▸ **Task to carry out**
Go through the data line by line from the top, retyping each exactly, and end with the line that contains "MITSUBISHI OUTLANDER - image 3".

========================

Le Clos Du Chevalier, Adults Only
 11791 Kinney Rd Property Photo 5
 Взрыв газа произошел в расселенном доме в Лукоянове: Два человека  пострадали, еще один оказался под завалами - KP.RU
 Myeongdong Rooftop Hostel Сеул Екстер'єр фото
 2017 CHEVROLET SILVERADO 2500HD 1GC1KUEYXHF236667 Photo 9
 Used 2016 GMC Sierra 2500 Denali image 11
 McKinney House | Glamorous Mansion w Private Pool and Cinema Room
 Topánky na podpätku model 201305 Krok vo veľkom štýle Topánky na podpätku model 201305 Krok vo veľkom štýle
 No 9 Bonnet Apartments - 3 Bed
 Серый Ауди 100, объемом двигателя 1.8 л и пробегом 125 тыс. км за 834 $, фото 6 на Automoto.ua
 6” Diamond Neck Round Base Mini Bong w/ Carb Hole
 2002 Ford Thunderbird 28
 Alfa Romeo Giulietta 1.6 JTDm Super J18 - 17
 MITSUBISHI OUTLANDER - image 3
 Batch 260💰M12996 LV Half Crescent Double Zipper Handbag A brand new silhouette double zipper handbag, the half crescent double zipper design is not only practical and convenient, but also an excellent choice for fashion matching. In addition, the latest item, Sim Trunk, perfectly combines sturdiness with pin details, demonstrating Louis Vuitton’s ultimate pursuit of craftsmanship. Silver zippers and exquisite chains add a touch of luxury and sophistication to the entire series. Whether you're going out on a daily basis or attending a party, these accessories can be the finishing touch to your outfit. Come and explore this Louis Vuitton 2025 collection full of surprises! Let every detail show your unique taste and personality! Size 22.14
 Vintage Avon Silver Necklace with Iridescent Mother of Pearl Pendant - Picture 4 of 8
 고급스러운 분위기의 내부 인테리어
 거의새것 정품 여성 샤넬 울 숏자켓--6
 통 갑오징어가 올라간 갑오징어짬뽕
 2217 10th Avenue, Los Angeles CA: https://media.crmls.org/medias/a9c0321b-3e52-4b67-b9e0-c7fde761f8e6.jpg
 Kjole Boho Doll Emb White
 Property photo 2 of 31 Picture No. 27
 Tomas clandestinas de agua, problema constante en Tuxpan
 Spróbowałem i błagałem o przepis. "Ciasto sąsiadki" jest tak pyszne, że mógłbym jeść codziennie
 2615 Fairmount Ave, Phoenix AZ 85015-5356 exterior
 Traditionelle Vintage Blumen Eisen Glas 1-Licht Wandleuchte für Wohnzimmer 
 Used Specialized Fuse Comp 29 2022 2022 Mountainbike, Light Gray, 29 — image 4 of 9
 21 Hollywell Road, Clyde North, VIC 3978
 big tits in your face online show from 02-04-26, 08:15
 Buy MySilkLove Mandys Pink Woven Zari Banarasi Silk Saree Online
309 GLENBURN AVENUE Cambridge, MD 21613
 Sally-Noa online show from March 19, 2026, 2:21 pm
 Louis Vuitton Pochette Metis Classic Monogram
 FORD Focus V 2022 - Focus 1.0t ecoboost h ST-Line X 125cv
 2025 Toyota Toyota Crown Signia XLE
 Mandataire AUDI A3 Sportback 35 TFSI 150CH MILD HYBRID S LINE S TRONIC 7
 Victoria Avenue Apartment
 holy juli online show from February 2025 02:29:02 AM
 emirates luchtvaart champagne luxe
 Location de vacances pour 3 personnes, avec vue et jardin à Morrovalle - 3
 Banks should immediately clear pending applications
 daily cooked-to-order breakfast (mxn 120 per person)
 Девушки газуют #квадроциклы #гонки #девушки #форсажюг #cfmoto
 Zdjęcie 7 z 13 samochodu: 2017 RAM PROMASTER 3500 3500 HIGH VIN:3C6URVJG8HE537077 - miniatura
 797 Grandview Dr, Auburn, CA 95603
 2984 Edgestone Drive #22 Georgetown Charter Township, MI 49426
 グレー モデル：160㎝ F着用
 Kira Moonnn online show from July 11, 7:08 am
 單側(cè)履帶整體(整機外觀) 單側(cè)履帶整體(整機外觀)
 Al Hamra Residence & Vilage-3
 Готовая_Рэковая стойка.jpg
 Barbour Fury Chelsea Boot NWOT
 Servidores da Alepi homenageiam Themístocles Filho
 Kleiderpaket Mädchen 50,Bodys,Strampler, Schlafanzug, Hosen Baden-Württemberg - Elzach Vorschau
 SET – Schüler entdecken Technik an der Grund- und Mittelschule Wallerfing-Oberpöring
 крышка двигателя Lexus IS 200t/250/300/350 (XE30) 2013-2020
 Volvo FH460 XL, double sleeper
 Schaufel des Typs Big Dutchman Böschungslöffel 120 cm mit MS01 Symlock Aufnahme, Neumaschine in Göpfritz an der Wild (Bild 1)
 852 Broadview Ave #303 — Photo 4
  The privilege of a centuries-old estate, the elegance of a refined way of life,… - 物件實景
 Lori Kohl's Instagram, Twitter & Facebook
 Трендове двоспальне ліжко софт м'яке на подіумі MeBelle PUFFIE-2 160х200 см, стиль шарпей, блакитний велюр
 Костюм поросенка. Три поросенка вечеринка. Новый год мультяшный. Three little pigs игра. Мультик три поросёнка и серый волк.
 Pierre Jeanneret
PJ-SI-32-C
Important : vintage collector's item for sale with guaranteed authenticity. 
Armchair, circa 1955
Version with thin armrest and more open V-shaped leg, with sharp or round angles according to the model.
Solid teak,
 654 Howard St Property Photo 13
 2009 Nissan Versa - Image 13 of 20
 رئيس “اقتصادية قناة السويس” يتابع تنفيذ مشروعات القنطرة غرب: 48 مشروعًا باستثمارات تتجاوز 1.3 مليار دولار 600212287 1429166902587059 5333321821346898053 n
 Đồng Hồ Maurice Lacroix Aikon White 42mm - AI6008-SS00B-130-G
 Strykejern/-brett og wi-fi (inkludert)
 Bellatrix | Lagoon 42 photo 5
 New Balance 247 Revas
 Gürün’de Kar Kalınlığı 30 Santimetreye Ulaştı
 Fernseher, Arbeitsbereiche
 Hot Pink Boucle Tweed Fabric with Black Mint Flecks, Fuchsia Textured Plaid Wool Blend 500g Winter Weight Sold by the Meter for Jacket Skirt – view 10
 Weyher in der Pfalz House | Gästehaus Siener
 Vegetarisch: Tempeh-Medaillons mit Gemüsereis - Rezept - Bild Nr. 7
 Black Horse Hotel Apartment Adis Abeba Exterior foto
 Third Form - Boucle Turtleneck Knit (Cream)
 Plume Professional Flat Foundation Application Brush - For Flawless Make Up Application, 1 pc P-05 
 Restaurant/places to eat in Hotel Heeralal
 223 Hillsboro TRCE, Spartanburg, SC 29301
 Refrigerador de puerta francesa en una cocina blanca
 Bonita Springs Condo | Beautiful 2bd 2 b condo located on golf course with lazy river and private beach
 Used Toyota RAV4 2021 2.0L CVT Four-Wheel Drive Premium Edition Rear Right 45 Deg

========================

▸ **Reply to the task**
Le Clos Du Chevalier, Adults Only
 11791 Kinney Rd Property Photo 5
 Взрыв газа произошел в расселенном доме в Лукоянове: Два человека  пострадали, еще один оказался под завалами - KP.RU
 Myeongdong Rooftop Hostel Сеул Екстер'єр фото
 2017 CHEVROLET SILVERADO 2500HD 1GC1KUEYXHF236667 Photo 9
 Used 2016 GMC Sierra 2500 Denali image 11
 McKinney House | Glamorous Mansion w Private Pool and Cinema Room
 Topánky na podpätku model 201305 Krok vo veľkom štýle Topánky na podpätku model 201305 Krok vo veľkom štýle
 No 9 Bonnet Apartments - 3 Bed
 Серый Ауди 100, объемом двигателя 1.8 л и пробегом 125 тыс. км за 834 $, фото 6 на Automoto.ua
 6” Diamond Neck Round Base Mini Bong w/ Carb Hole
 2002 Ford Thunderbird 28
 Alfa Romeo Giulietta 1.6 JTDm Super J18 - 17
 MITSUBISHI OUTLANDER - image 3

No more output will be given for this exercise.